## Data section
-=-=-=-=-

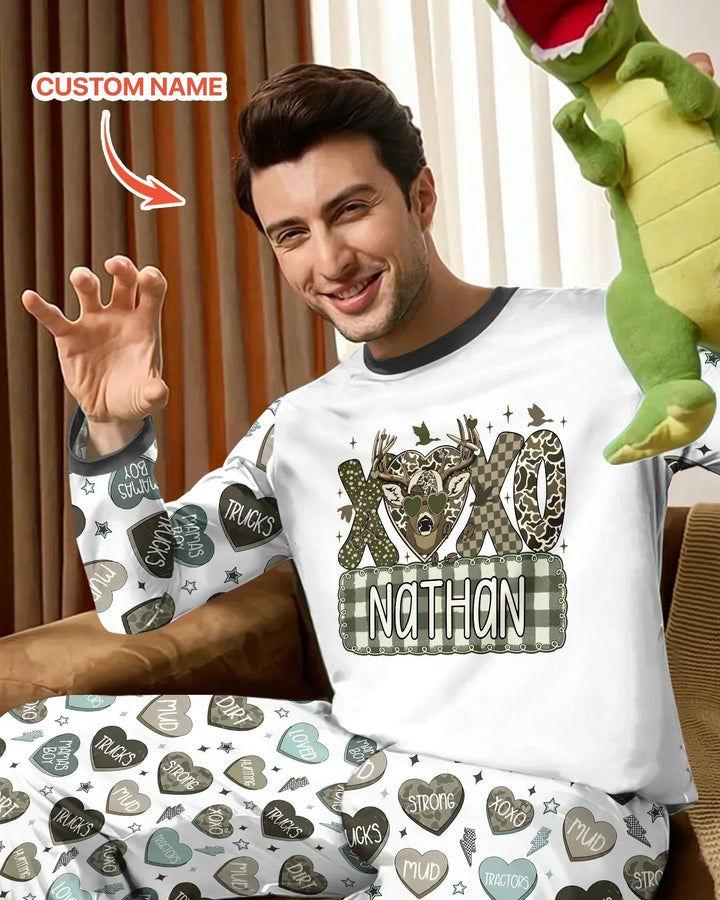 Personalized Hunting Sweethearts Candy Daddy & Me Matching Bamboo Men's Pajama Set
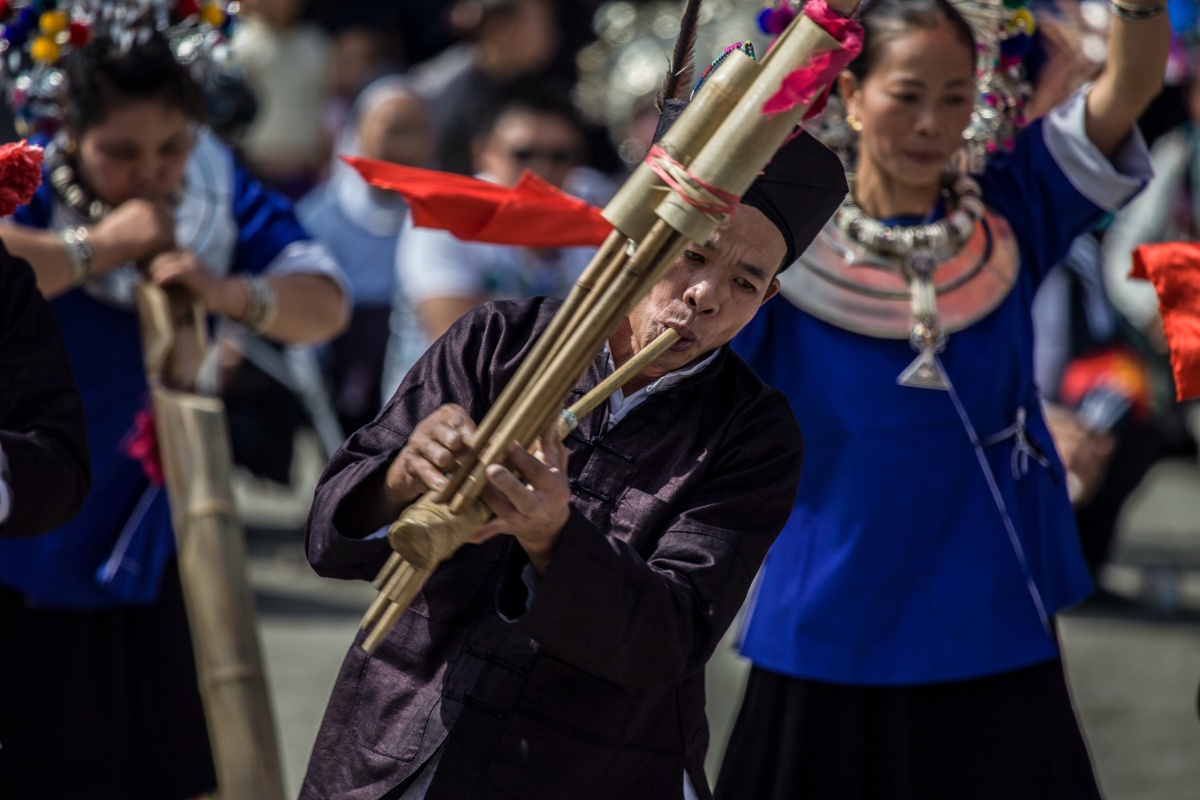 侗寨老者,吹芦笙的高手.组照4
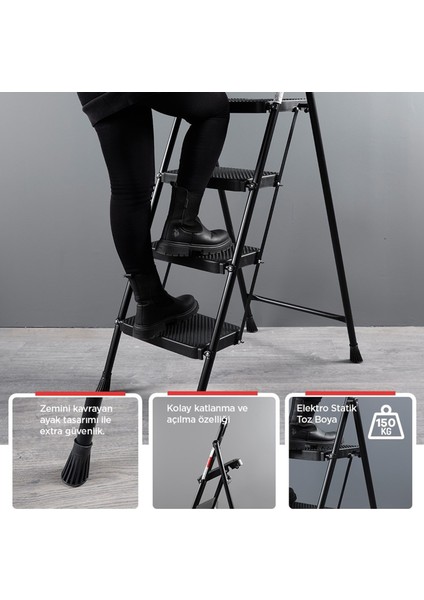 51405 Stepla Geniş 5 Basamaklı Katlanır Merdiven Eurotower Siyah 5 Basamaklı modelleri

-=-=-=-=-

## What you are asked to do
Apart from the pictures, every line of the data above should be given again exactly.

## Result for this task
 Personalized Hunting Sweethearts Candy Daddy & Me Matching Bamboo Men's Pajama Set
 侗寨老者,吹芦笙的高手.组照4
 51405 Stepla Geniş 5 Basamaklı Katlanır Merdiven Eurotower Siyah 5 Basamaklı modelleri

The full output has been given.